In May the federal government moved one step closer to creating a national securities regulator by opening up consultations on a revised Capital Markets Stability Act (Canada) – revisions based on previous consultations on the 2014 draft.
The CBA’s Business Law Section brought together securities law experts from across the country to comment on the latest draft of the Act. Along with the Canadian Corporate Counsel Association, they previously commented on the 2014 consultation document on the capital markets regulatory system governance and legislative framework, which included the initial draft of the Act, and the 2015 consultation draft of the provincial/territorial legislation and initial regulations.
A repeated recommendation in the latest submission on the Act from the Business Law Section is that the government should extend the time for consultations “to allow for more robust feedback” on the design of the federal regulator for opt-in provinces – British Columbia, Saskatchewan, Ontario, New Brunswick, P.E.I. and Yukon.

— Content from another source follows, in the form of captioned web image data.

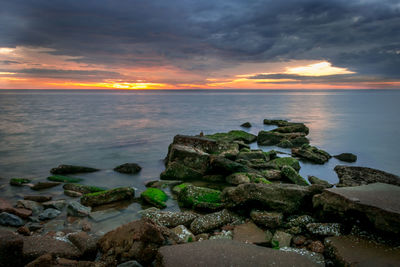 Scenic view of sea against sky at sunset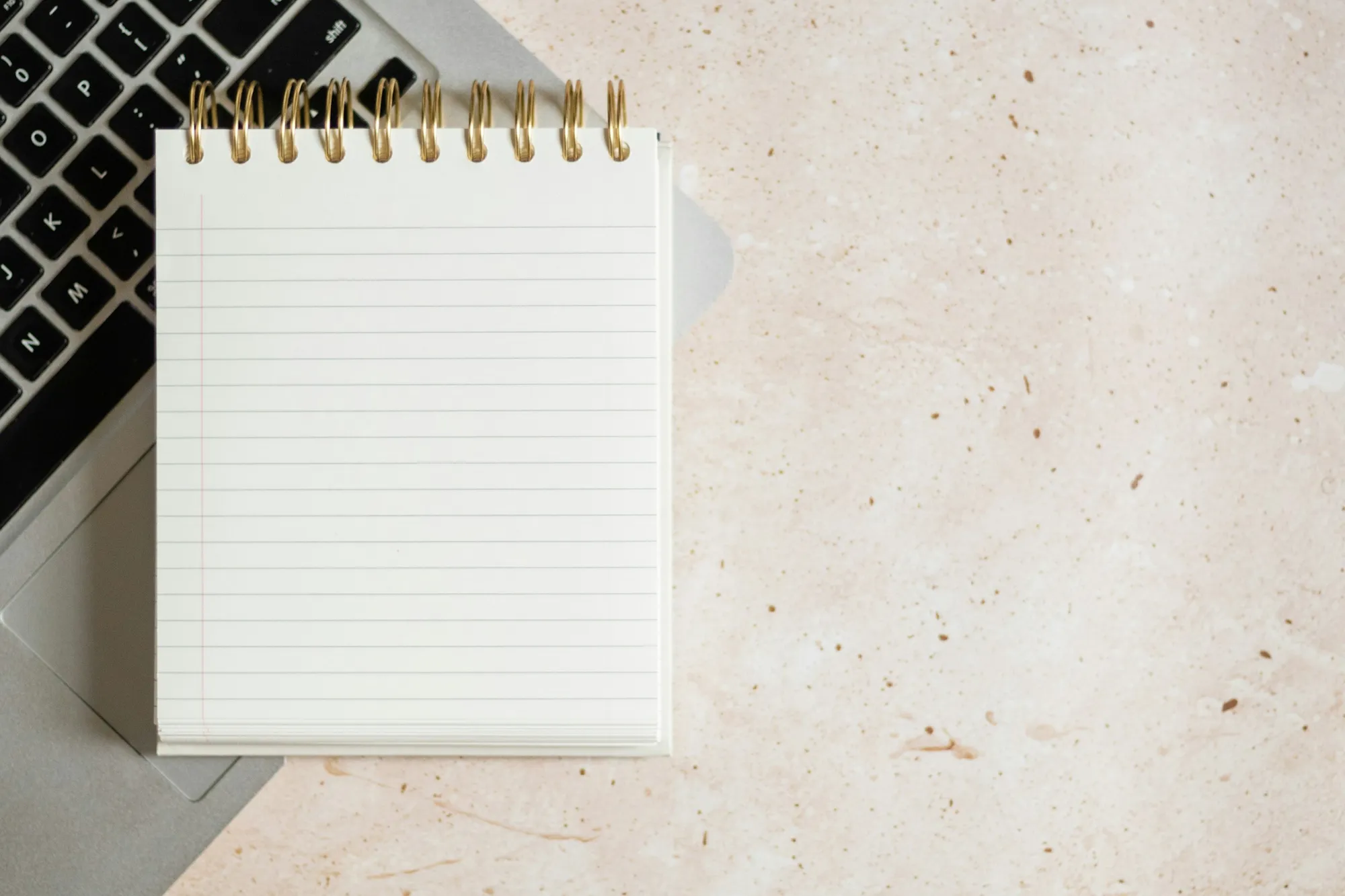 A notebook and laptop on a desk for planning a decision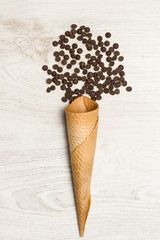 Cono de helado con gotas de chocolate sobre fondo de madera blanca. Vista superior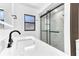 Modern bathroom with sleek, black-framed glass shower, large mirror, and marble countertops at 5300 Lido St, Orlando, FL 32807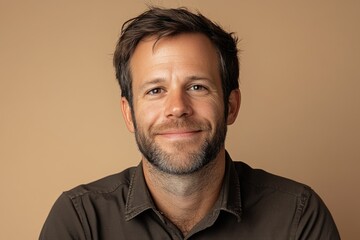 Fototapeta premium Smiling man in a casual shirt against a plain background during a portrait session capturing genuine emotion and warmth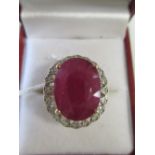 A ruby ring with diamond surround, the oval ruby mixed cut ruby, 15.8 x 11.8mm, set in four claws to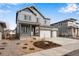 A two-story gray home with a two car garage, covered porch, stone accents, and newly installed landscaping at 24661 E 33Rd Dr, Aurora, CO 80019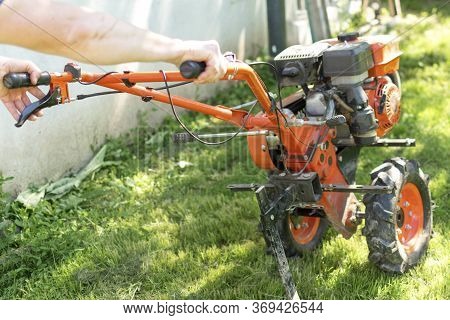Man Farmer Plows The Land With A Cultivator. Agricultural Machinery: Cultivator For Tillage In The G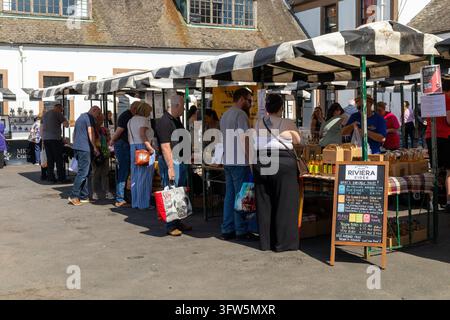 Ayr, UK - 21. Juni 2026: Kunden stehen an Marktständen unter schwarz-weiß gestreiften Markisen an einem sonnigen Tag; die Kreidetafel zeigt lokale Cider und Stockfoto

On the whole, the Section says it supports many of the changes to the Act in response to previous feedback from stakeholders, but it still has concerns in a number of areas, primarily governance.
The fact that the Capital Markets Regulatory Authority Act has not yet been released for review muddies the waters when it comes to governance, the Section says, as it “leaves many questions about whether and how the Authority has the ability to fulfill (its) distinct mandates.”

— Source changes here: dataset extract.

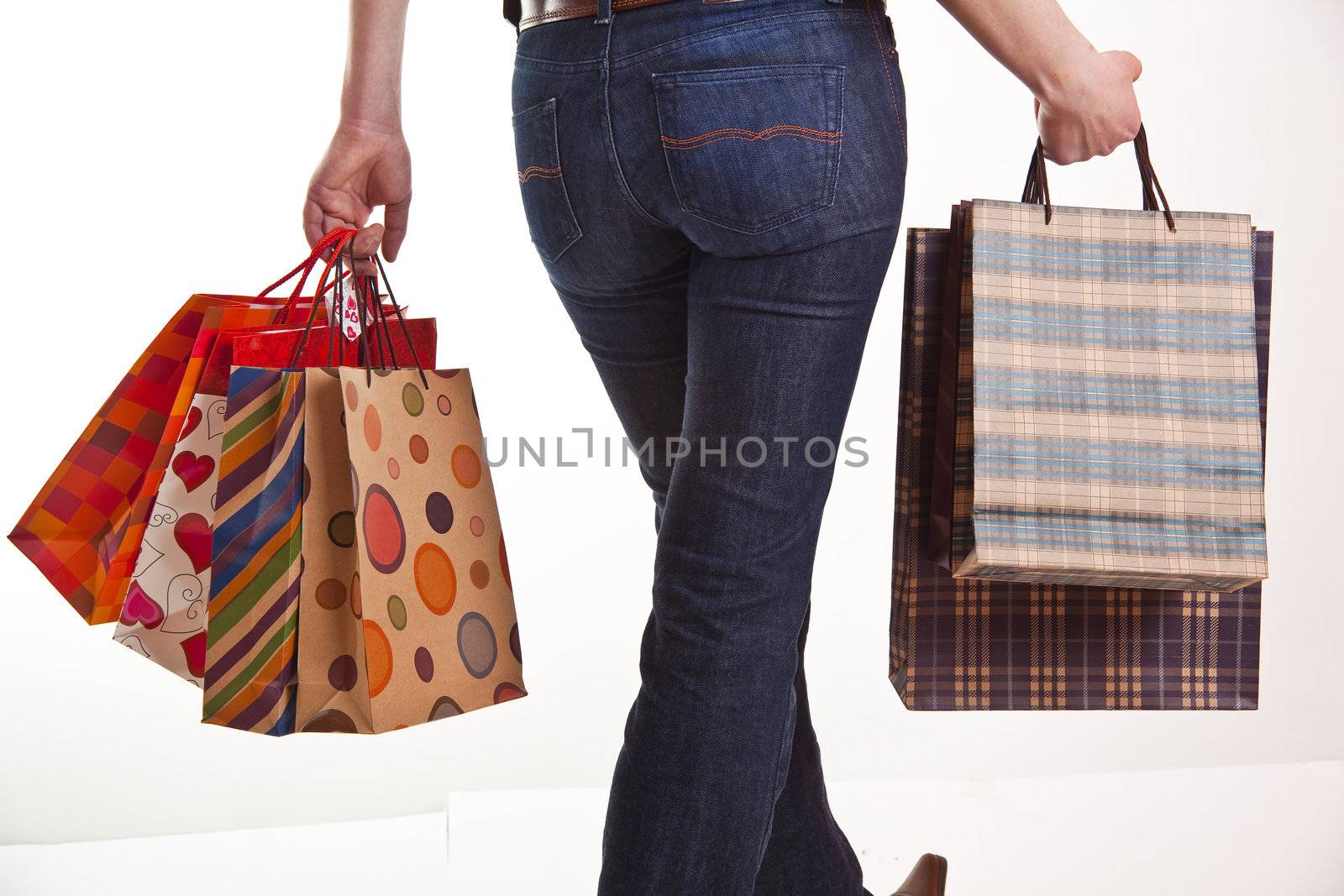 Shoppers Happiness - Woman's hand with shopping bags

Questions left unanswered include how the regulator will be funded, how hearings will occur and the role it will have in the prosecution of offences, as well as how the Authority’s administration and enforcement power will be applied. There is also an overlap between offences under the Capital Markets Act and the Capital Markets Stability Act that must be addressed in order to avoid duplication of efforts, and the proposed Act has few details on the interplay between participating and non-participating jurisdictions.
“Many of the numerous questions the CBA Section has about the governance structure of the Cooperative System cannot be answered without all relevant legislation under the proposed regime,” the Section concludes. “The current approach of releasing various pieces of legislation at different times has made it difficult to assess how the many parts of the Cooperative System will work together and to assess the effectiveness of the governance structure as a whole. The CBA recommends that all relevant legislation be released together, with ample time for robust consultation.”

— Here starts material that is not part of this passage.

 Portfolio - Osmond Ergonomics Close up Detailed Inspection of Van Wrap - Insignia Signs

Among its list of concerns is the question of privacy. The Section requests clarity on whether provincial or federal privacy laws will govern the handling of personal information. It also notes that the “exceptions to the Authority’s confidentiality obligations for disclosure of non-public information remain broad” and suggests that additional safeguards should be included in the Act. It also seeks clarification on the definition of terms used in the Act, including systemic risk, stability, and material, and notes that terms such as “systemically risky” and “systemically important” have no legal meaning, and that there “should be a formal process to make a determination or finding of systemic risk.”
The Section says it would be happy to discuss these and other comments in more detail. It also recommends that the Cooperative Capital Markets Regulator “release final drafts of all relevant legislation together, and to allow time for robust consultation. This will result in a more efficient and effective regime that is complementary with the regulatory schemes in non-participating jurisdictions.”